On Sat, 18 Jul 2009 16:07:39 -0400, Jim Jewett <jimjjewett [at] gmail>
wrote:
> What about those people *without* versioning issues?
>
> I have no qualms suggesting that package management programs avoid the
> use of site-packages. Such programs do need to cater to edge cases.

I'm just wondering how that is possible? Given that a package management
system (pythonpkgmgr - for example) is a tool to assist in the management
of packages in site-packages.

If you take away the drop in directory (site-packages), effectively
you're taking away the place for system drop in packages. I can't see
the point in that.

> But a single drop-it-in directory works great for the vast majority of
> *my* needs; requiring me to drink the Kool-Aid from a specific package
> management system just to get access to any add-ons -- even those I
> wrote myself in pure python -- would be a huge step backwards.

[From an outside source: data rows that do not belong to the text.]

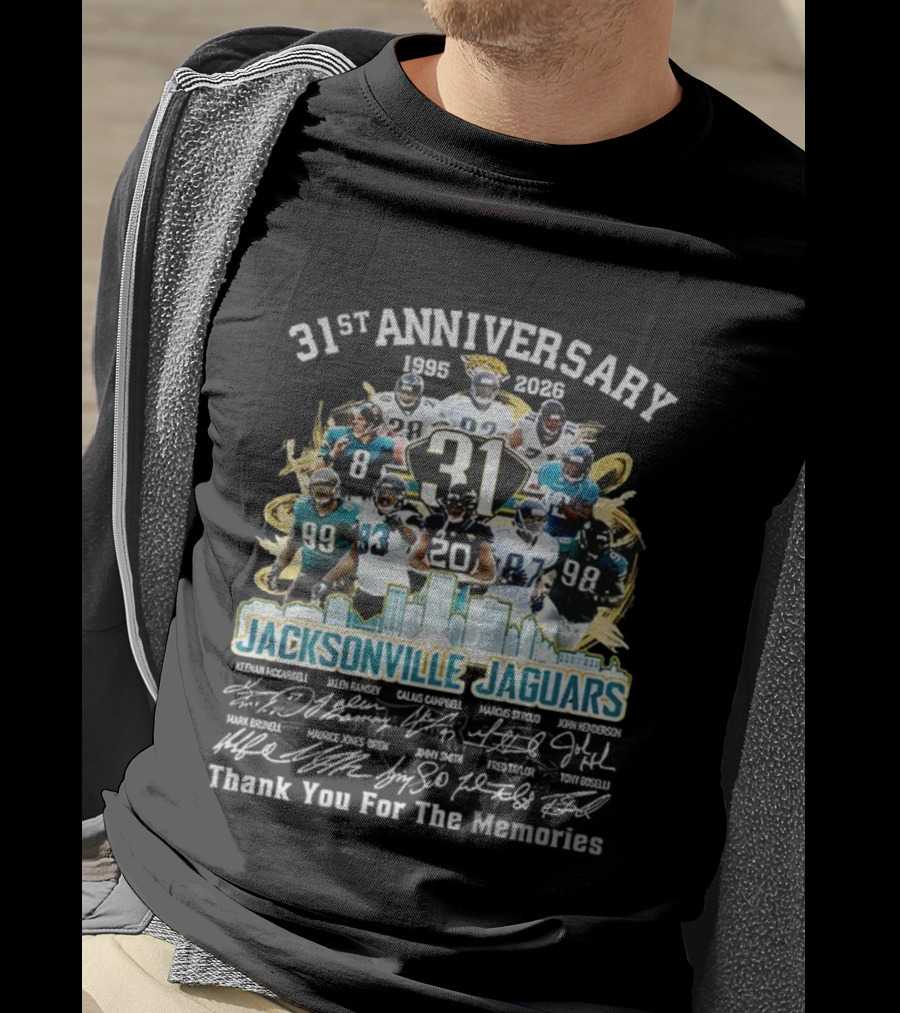 Jacksonville Jaguars 31st Anniversary 1995-2026 Thank You For The Memories 31 Players Tribute T-Shirt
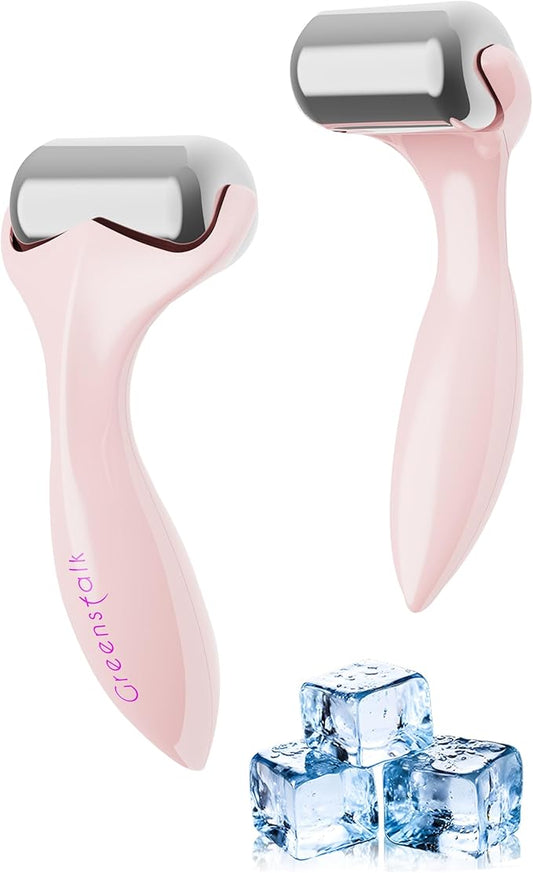 Greenstalk Ice Roller for Face & Eyes – Medical-Grade Stainless Steel Cooling Face Roller for Puffiness Relief, Dark Circles, Skincare Routine – Dual Cold & Warm Therapy, Ergonomic Design-GlimoraGlow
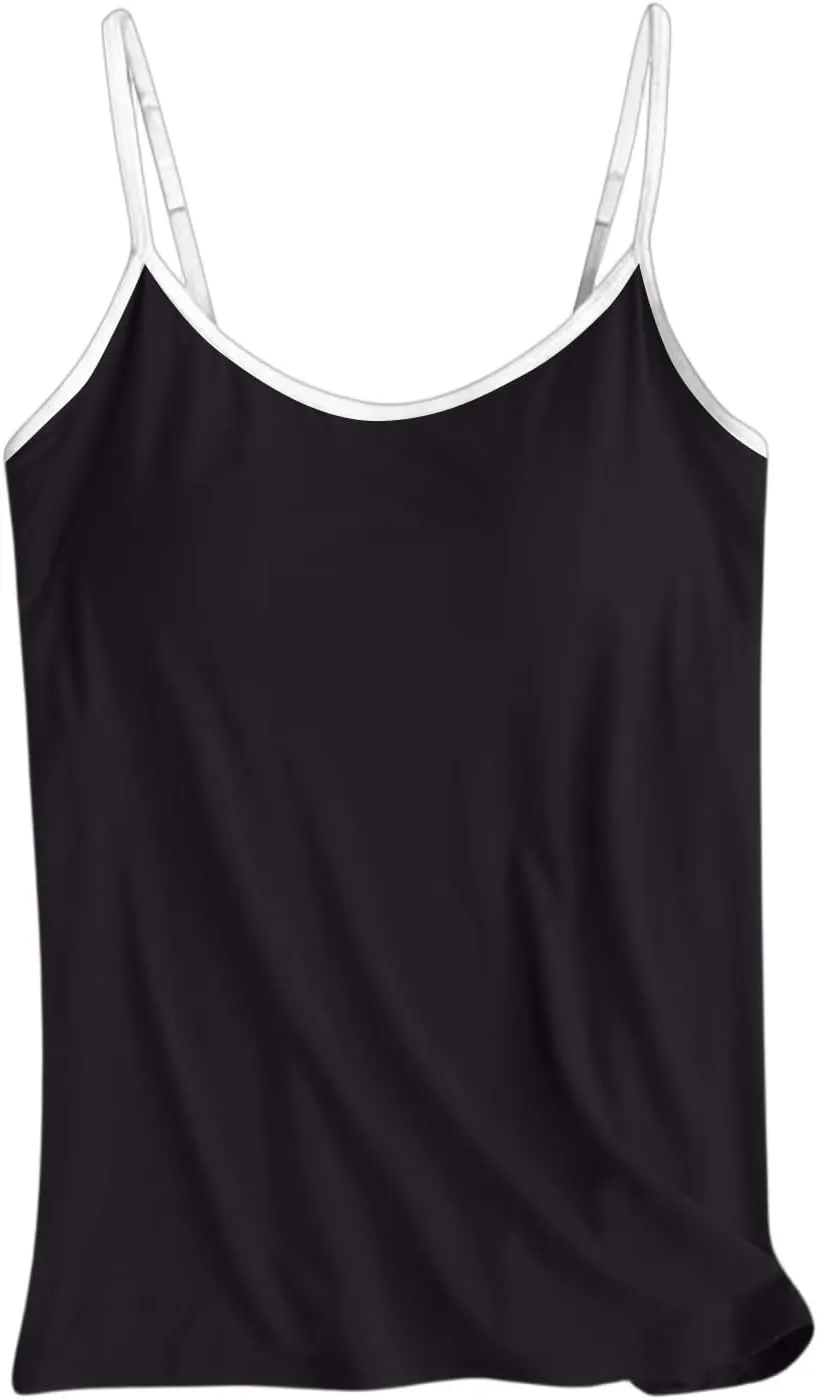 Camisole Tops for Women Built in Bra Adjustable Spaghetti Strap Workout Sport Shirts Basic Tank Layer Padded Bra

Where you keep your packages is entirely up to you.

Even with the Python Package Manager, you can still have unversioned
packages in project directories. That doesn't change.

And you can still have unversioned packages in site-packages.

So I can't really see that having a Package Manager program
takes your use case scenerio backwards because it wouldn't really
change it.

(repeating)
> But a single drop-it-in directory works great for the vast majority of
> *my* needs;

That's exactly what site-packages is.....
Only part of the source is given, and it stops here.